In Paper V, the performance of the wood properties models for early wood percentage, air dry wood density and fibre length was also demonstrated by the simulation of the development of growth and wood properties over the stem (from the stem butt to the apex and from the pith to the stem surface at any height in the stem) and over the lifespan of the tree as affected by tree status in the stand and silvicultural management. This was done by simulating the growth and dynamics of unthinned and thinned Scots pine stands grown on a site representing the Myrtillus type in eastern Finland. These stands were planted with 2500 seedlings ha^-1 (also three-year-old seedlings with average height and diameter of 0.30 m and 0.30 cm, but divided into five cohorts with 500 seedlings in each). In the thinned stand, two thinnings from below were done during the 90 year rotation (first at the age of 40 years into 1000 stems ha^-1 and second at the age of 70 years into 500 stems ha¹). Based on these simulations, it was compared the differences in growth and wood properties of dominant and suppressed trees (i.e. lowest and highest tree cohort) grown in unthinned (stand density

at the time of final cut about 800 stems ha^-1) and thinned stands as an average of tree stems.

Furthermore, differences in wood properties of various parts of the stems were also studied (i.e. whole stem, inner part, outer part or top part of the stem) (see Paper V for further detail).

4 RESULTS

4.1 Development and performance of the three-dimensional growth model with integration to sawing simulator (Paper III)

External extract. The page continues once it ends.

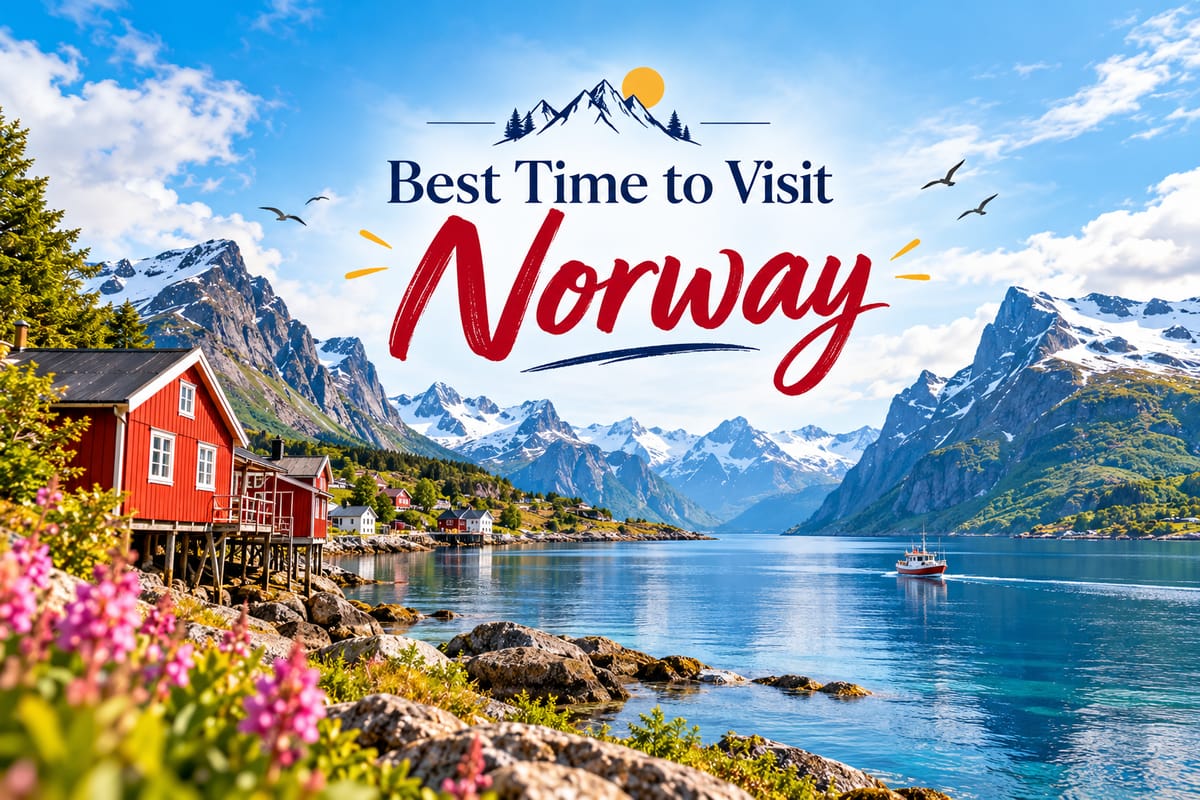Best Time to Visit Norway: Fjords, Northern Lights & Month-by-Month Guide (2026)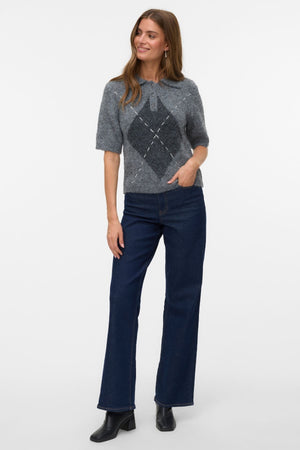 Bliss 2/4 Polotröja - Mellangråmelerad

4.1.1 Development of the three-dimensional growth model

In this study, it was further developed three-dimensional modelling (Papers I and III), in which growth of individual shoots in Scots pine are driven mainly by interception of light, and as a result an average tree in a stand is simulated over a rotation in a one year timeframe. The model describes (i) crown structure (as a population of shoots and branches), (ii) branches (birth, growth, death and self-pruning of branches), (iii) knottiness (position and angle, number and diameter, and length of sound- and loose-knot segments), (iv) stem form (height growth and diameter growth), and (v) other properties of wood (as annual ring basis, e.g. wood density). In the further model development, it was concentrated especially on modelling of shading caused by other trees in a stand, and impact of stand density and crown structure of the trees on self-pruning of branches. This model development finally made it possible to analyze effects of management options (initial spacing, thinnings and artificial pruning of branches) on the quality and quantity of sawn timber.

In this study, the three-dimensional model was linked with the sawing simulator (Paper II), originally developed by Väisänen et al. (1989). In this new version of sawing simulator a procedure was presented in which the sawing of logs into pieces and the quality grading of these pieces are simulated more accurately than in the earlier version. In the above context, it was concentrated especially on (i) the use of the new grading rules (Nordic Timber 1994) including wane in pieces of sawn timber, and (ii) improving of user interface with default values of cutting lengths of logs and default sawing pattern (as a function of upper diameter of the log) used to saw logs into pieces. Although the improvement of the sawing simulator was mainly engineering, it was essential in order to analyze the relationship between silvicultural treatments and timber quality.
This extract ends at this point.